Sebelumnya, Mahkamah Konstitusi (MK) menolak permohonan uji materi Undang-Undang Nomor 11 Tahun 2020 tentang Cipta Kerja atau Omnibus Law.

Meski demikian, MK menilai pembentukan UU tersebut tak berdasarkan Undang-Undang Dasar 1945 (UUD 45). Karena itu, MK memerintahkan agar UU Cipta Kerja diperbaiki dalam jangka waktu 2 tahun.

"Menyatakan pembentukan Undang-Undang Nomor 11 Tahun 2020 tentang Cipta Kerja bertentangan dengan Undang-Undang Dasar Negara Republik Indonesia Tahun 1945 dan tidak mempunyai kekuatan hukum mengikat secara bersyarat sepanjang tidak dimaknai, tidak dilakukan perbaikan dalam waktu dua tahun sejak putusan ini diucapkan," ujar Ketua MK Anwar Usman dalam putusannya, Kamis (25/11/2021).
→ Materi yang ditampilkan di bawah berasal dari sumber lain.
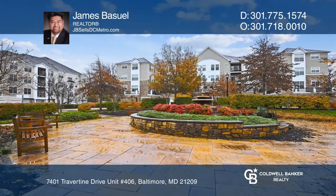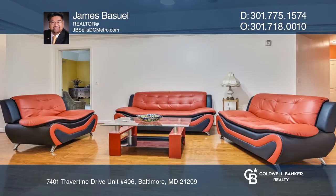This large home boasts hardwood floors, a living room with tray ceilings, and a separate dining room.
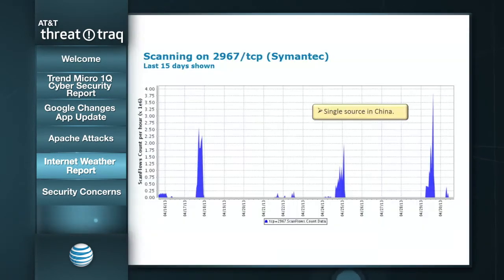Let's jump over to the Internet weather report and see what's been cooking. We have a few things — nothing dramatic, kind of a lot of repeats of the same things we've always seen, but one in particular that's a little different. The first one is scanning activity on port 2967 TCP. This is old — probably eight years or more old. It's a vulnerability in a Symantec product, and to this day we still see small numbers of sources scanning for anybody listening on this port.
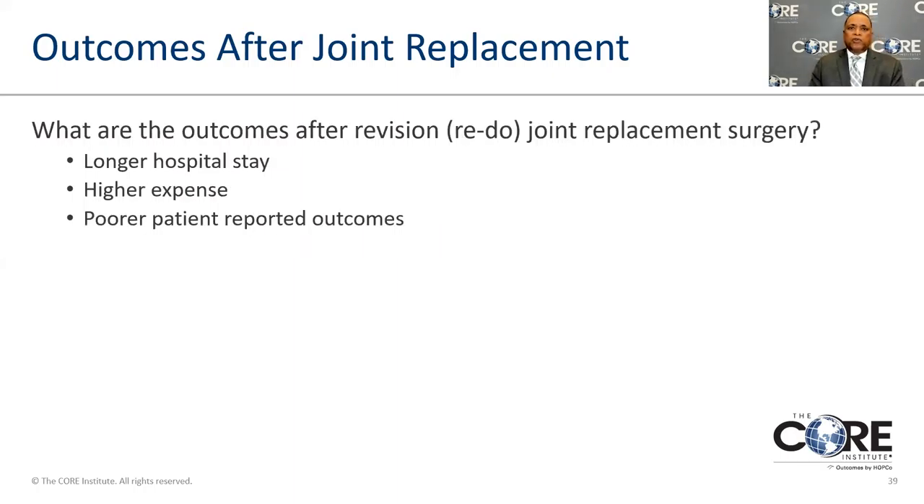If you do have to have another operation — a revision — revisions typically don't have the same level of satisfaction as a primary hip replacement and can be more complicated. So you want to give the patient the greatest possibility of having this last their entire life by mitigating factors: weight loss, making sure they're healthy, maintaining good muscle strength, selecting the patient at the right age, using the right components, and making sure they're well fitted to the patient.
Dalam putusannya, Anwar menyatakan UU Cipta Kerja masih berlaku hingga dilakukan perbaikan dengan tenggat waktu dua tahun. Anwar meminta pemerintah maupun DPR melakukan perbaikan UU Cipta Kerja.
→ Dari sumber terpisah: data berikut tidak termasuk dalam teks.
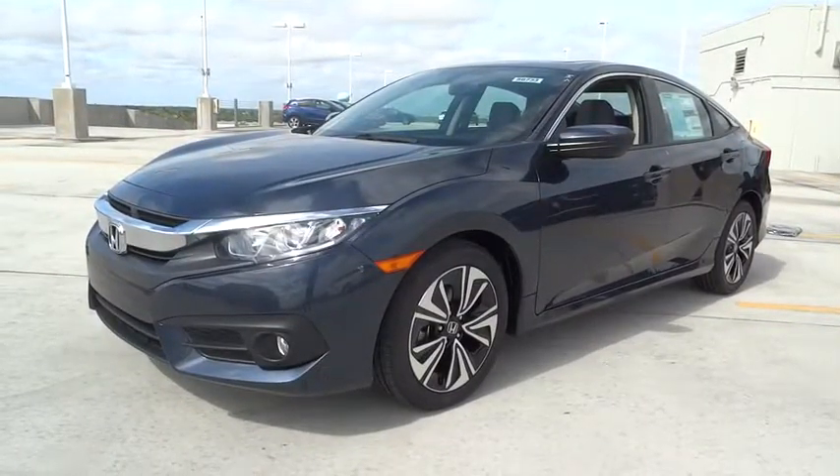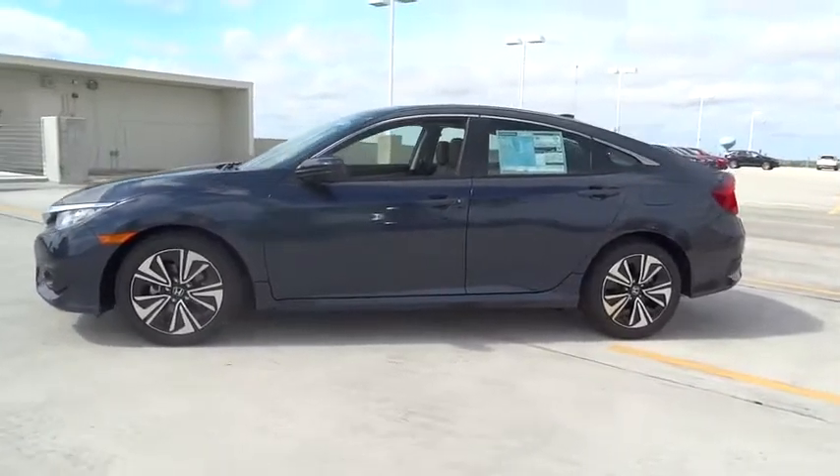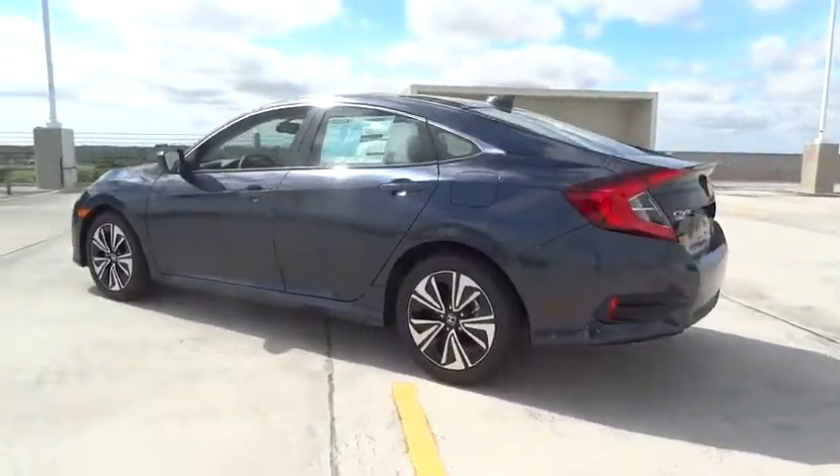The 2017 Honda Civic. Practical, awesome gas mileage, and incredibly reliable. Here are some of this vehicle's great options.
Apabila dalam jangka waktu dua tahun sesuai dengan ketetapan Majelis Hakim MK UU tersebut tidak diperbaiki, maka menjadi inkonstitusional atau tak berdasar secara permanen.
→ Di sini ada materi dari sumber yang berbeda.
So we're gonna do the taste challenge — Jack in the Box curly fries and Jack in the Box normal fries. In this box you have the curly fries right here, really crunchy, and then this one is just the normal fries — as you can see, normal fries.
"Menyatakan apabila dalam tenggang waktu dua tahun pembentuk undang-undang tidak dapat menyelesaikan perbaikan UU Nomor 11 Tahun 2020 tentang Cipta Kerja maka undang-undang atau pasal-pasal atau materi muatan undang-undang yang telah dicabut atau diubah oleh UU Nomor 11 Tahun 2020 tentang Cipta Kerja harus dinyatakan berlaku kembali," tegas Anwar.

Selain itu, MK juga memerintahkan menangguhkan segala tindakan kebijakan yang bersifat strategis dan berdampak luas berkaitan dengan UU Ciptaker.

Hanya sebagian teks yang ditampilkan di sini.